__Entries taken from a collection__
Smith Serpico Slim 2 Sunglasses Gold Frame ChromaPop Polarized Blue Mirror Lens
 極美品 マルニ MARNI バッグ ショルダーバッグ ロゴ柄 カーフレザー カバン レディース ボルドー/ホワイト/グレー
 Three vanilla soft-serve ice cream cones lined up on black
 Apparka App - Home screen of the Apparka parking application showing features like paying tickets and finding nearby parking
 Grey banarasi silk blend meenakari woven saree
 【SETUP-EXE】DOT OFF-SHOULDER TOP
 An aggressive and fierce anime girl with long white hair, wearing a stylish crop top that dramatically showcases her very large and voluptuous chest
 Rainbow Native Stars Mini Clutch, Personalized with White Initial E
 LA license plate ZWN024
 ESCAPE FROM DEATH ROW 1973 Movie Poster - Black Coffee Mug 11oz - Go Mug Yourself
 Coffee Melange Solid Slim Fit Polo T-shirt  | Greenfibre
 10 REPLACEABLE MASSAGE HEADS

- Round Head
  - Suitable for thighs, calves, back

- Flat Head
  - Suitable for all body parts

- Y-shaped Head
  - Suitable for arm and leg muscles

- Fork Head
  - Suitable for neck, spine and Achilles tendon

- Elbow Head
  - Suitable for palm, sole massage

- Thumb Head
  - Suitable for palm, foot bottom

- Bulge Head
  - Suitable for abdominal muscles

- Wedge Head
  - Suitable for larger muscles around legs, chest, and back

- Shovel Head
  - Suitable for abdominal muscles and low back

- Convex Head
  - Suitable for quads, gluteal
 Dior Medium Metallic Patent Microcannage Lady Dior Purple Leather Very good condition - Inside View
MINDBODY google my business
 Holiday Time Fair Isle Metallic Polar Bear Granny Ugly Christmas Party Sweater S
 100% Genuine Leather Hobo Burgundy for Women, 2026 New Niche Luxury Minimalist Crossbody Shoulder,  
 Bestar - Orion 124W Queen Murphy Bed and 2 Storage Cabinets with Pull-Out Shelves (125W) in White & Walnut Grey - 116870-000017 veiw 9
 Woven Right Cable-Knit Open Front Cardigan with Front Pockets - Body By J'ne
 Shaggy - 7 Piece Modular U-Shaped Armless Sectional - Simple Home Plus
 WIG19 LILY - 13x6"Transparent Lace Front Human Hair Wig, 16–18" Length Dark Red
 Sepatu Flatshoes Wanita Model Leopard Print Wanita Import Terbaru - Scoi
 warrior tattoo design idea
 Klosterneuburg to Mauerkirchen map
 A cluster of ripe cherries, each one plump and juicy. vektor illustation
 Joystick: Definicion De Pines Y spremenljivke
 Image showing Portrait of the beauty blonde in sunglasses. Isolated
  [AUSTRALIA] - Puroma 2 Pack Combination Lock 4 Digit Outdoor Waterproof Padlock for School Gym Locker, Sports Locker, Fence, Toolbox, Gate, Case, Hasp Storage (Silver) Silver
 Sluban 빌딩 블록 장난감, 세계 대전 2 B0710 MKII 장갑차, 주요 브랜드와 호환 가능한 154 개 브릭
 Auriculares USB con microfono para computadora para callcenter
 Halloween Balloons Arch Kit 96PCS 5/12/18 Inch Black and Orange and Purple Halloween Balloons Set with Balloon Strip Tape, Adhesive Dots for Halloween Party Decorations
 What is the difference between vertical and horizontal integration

__Assignment__
Copy the stretch of the records above that runs from the line with "極美品 マルニ MARNI" through the line with "- Round Head". Both end lines belong in the copy, and nothing else does.

__Response to this task__
 極美品 マルニ MARNI バッグ ショルダーバッグ ロゴ柄 カーフレザー カバン レディース ボルドー/ホワイト/グレー
 Three vanilla soft-serve ice cream cones lined up on black
 Apparka App - Home screen of the Apparka parking application showing features like paying tickets and finding nearby parking
 Grey banarasi silk blend meenakari woven saree
 【SETUP-EXE】DOT OFF-SHOULDER TOP
 An aggressive and fierce anime girl with long white hair, wearing a stylish crop top that dramatically showcases her very large and voluptuous chest
 Rainbow Native Stars Mini Clutch, Personalized with White Initial E
 LA license plate ZWN024
 ESCAPE FROM DEATH ROW 1973 Movie Poster - Black Coffee Mug 11oz - Go Mug Yourself
 Coffee Melange Solid Slim Fit Polo T-shirt  | Greenfibre
 10 REPLACEABLE MASSAGE HEADS

- Round Head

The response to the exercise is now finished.